Poverty and insufficient education are critical issues for many Ainu people, the indigenous minority of Japan’s population. The Ainu people endured years of historic discrimination. Their community faced impoverished living conditions after Japan took control of Hokkaido, the Ainu’s native island, in the 19th century. In 2019, however, the Japanese government recognized the Ainu as Japan’s indigenous people. The Ainu face numerous adversities during everyday life. However, the Japanese government is taking steps towards equal rights and opportunities for the Ainu population, beginning with education.
Japanese Education and the Inclusion of Ainu History
Japan’s school systems are primarily electronics-free, but the pandemic’s stifling presence is forcing school systems everywhere to change their methods. Now, student health and safety are both major priorities for the upcoming fall semester. Another priority for Japan’s school system is Ainu inclusion. After textbook and curriculum revisions, the Ainu are set to appear in nearly 40 Japanese junior high textbooks. By boosting the number of Ainu-related pages from 12 to 85, the country’s educational department hopes to teach students about Ainu culture and the value of cultural coexistence.
Ainu Education in Japan
While a younger generation of Japanese students will be learning about the Ainu in school, challenges for the indigenous Japanese population still remain. For instance, many Ainu students struggle to continue their education. In fact, only 33% of the total Ainu population enrolled in Japanese universities in 2017, and this number will most likely drop further with an increase in online education as a result of COVID-19.
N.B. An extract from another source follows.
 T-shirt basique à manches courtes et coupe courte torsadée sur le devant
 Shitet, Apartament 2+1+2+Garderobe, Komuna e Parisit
But why is education less accessible for the Ainu? According to the executive director of the Ainu Association, Tadashi Kato, it may have to do with poverty. Kato stated that “the big problems [for the Ainu people] are poverty and education,” explaining “you can’t go to high school if you are poor and can’t make a living, even if you take high school examinations.” Another reason why Ainu students abandon higher education is discrimination. The Ainu have experienced discrimination for decades, and many Ainu students often conceal their lineages to avoid harassment at school. In 2019, the Japanese government recognized the unequal status of the Ainu and decided to take legislative action.
Ainu Promotion Act
The Ainu Promotion Act emerged to eliminate the unequal treatment of the Ainu population. Under the recently implemented Ainu Promotion Act, these indigenous citizens have more protections than ever before. The act officially declared the Ainu as Japan’s indigenous people and outlawed hostile sentiments and discrimination against them. The Act also aims to promote Ainu culture as well as industry and tourism throughout Japan. This will in turn draw global attention to the Ainu population. On top of potential foreign investments, the act provides subsidies for Ainu projects. The most notable of these projects is the National Ainu Museum, which opened July 12, 2020. The museum resides in Shiraoi, Hokkaido, Japan, and its exhibits educate visitors on six themes from the Ainu perspective: language, world views, lifestyle, history, work and exchange with surrounding people.
Although the Act is not perfect, these new laws are a strong foundation for Ainu restoration to build upon. Cultural understanding is critical for coexistence. In the past, most of the world misunderstood or did not hear the Ainu people. In Japan, the promotion of the Ainu people through education marks the beginning of a new era in which the Ainu do not have to live in the shadows but are instead celebrated openly as an essential component of Japan’s history.